Data Unit Test Automation
It is possible, especially in cases where data is infrequently updated (e.g. on a monthly or annual basis), to simply manually run queries. When data is actively being used in production, it’s much more efficient to automate tests to ensure data quality.
Two common ways that we’ve seen teams manage boolean unit test automation are:
- Implementing dbt tests alongside dbt models: This approach requires that you’re using dbt, but offers the benefit of running predefined tests alongside dbt models. With dbt tests, you can reuse your test types and failure triggers across multiple pipelines.
- Implementing unit tests as part of your DAG: This approach doesn’t require vendor-specific tooling, but does require a function to call repeated tests (e.g. stored procedures) and an orchestration tool (e.g. Dagster), so that you can ensure that your tests are run either when data is updated or on a recurring basis.
In both cases, deciding on an alerting mechanism is crucial. dbt tests provide breach counts and can save failed rows to a designated schema table. SQL-based generic unit tests typically store results within the data warehouse. From here, you’ll need to determine how to trigger alert notifications with timing and recipients being essential.
The next question for data teams, then, becomes "What are signs that I should adopt a continuous data monitoring solution?"
- Maintenance times are growing: This can occur due to factors like an improperly implemented DAG or the need for scalar outcome testing instead of boolean outcomes.

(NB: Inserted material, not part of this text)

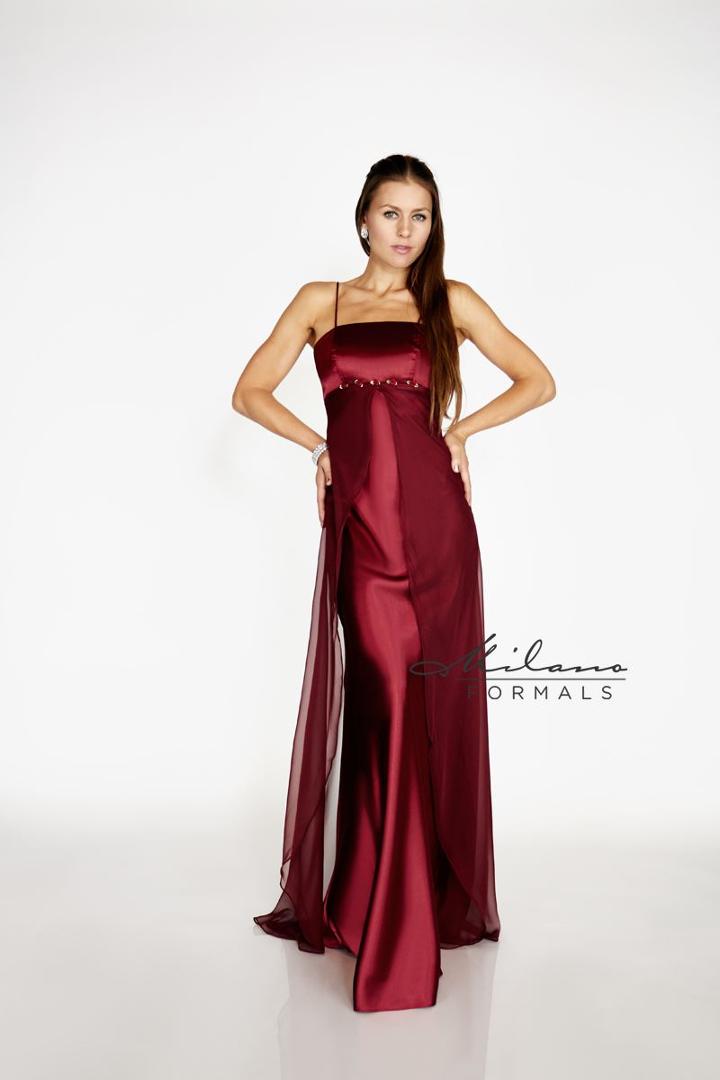 Milano Formals - Long Empire Waist Spaghetti Strap Gown F1116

A proxy for this will be your work queue - are you spending more than 10% of your time managing tests, rather than working on revenue-driving projects?

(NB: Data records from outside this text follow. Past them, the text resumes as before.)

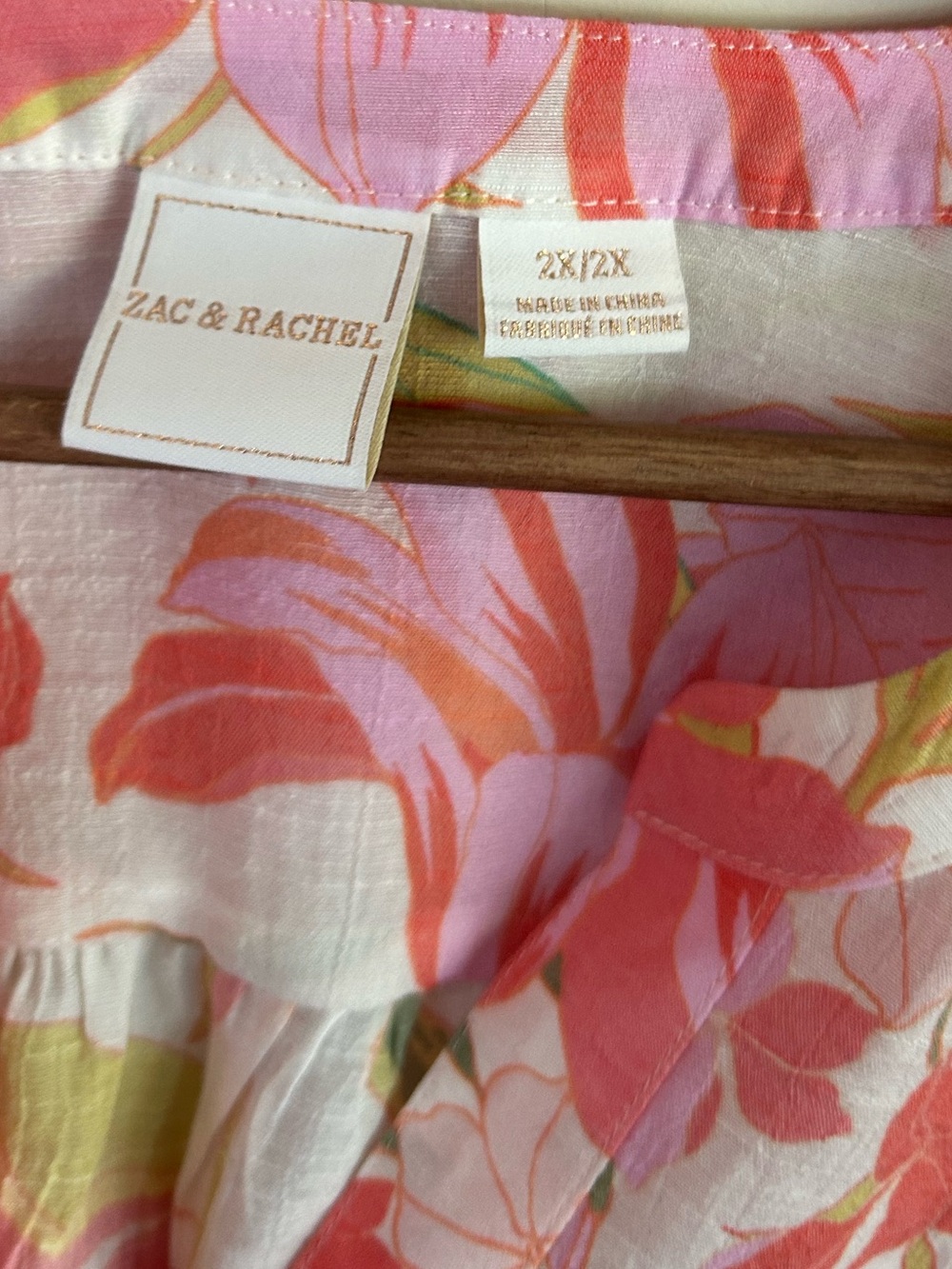 ▶️ Zac & Rachel Floral Blouse Women’s 2X Pink Button Front Roll Tab Sleeve Plus - Picture 4 of 11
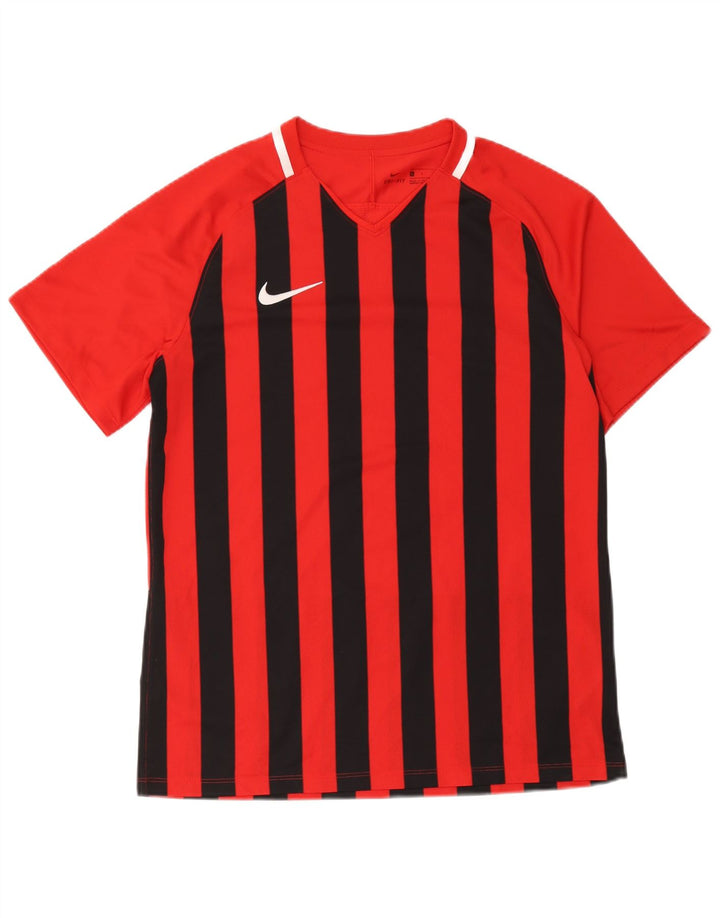 Nike Dri Fit majica kratkih rukava s velikim crvenim prugama od poliestera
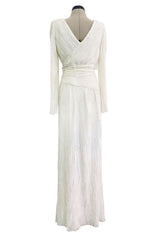 Stunning 1970s-80s Mary McFadden Couture White Pleated Dress w Attached Braided Belt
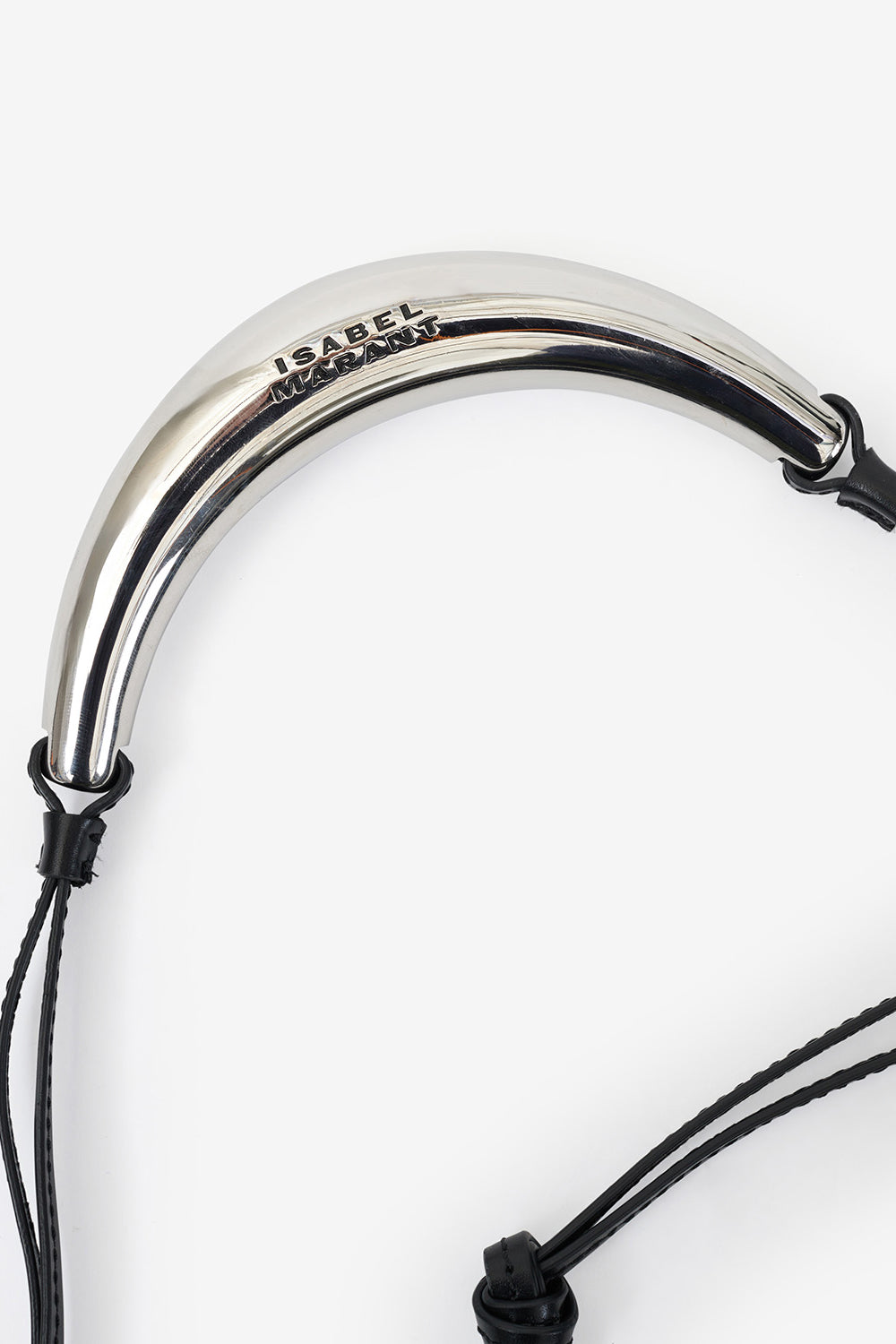 Oskan moon shoulder bag in leather - Black and silver - Woman - 4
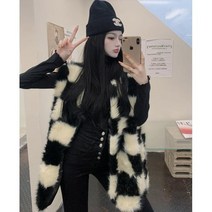 체스 무늬 힙 빈티지 조끼 점퍼 두꺼운 패딩 모던 시크 20 30 대 추천 쇼핑몰 털 트위드 조끼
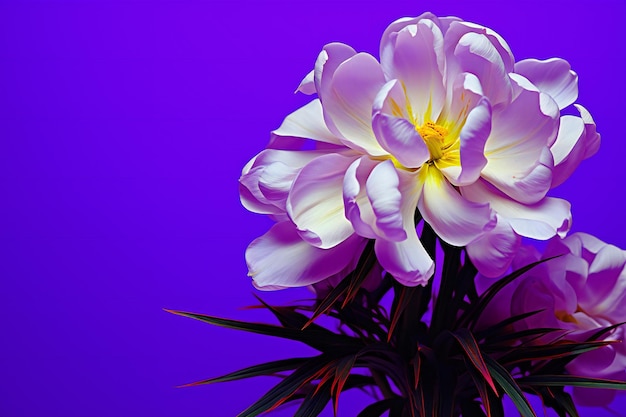 White crocus on a purple background place for your text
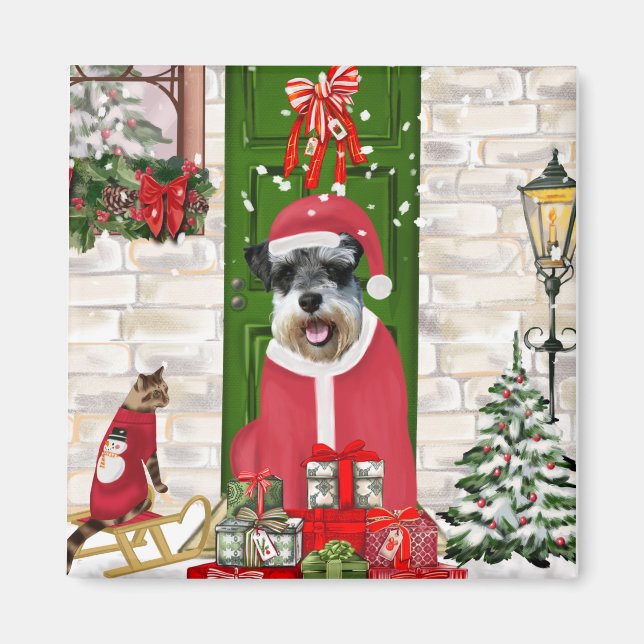 Aimant Schnauzer Chien Noël (Devant)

- Test deployment backlog: Deploying tests on a new data product or schema is often just the beginning. Over time, downstream data consumers may discover new issues as their use cases evolve and test the pipeline differently. If you find yourself spending excessive time in scoping meetings and creating/validating tests, we recommend exploring how to create simple predictive models or evaluating vendors.
Unit tests for data issue prevention
If you have the engineering bandwidth, once you’ve implemented your unit tests, your team should also determine how to apply these tests prior to making any changes to your modeling queries, to proactively prevent rather than simply capture incidents. We refer to this as regressive testing.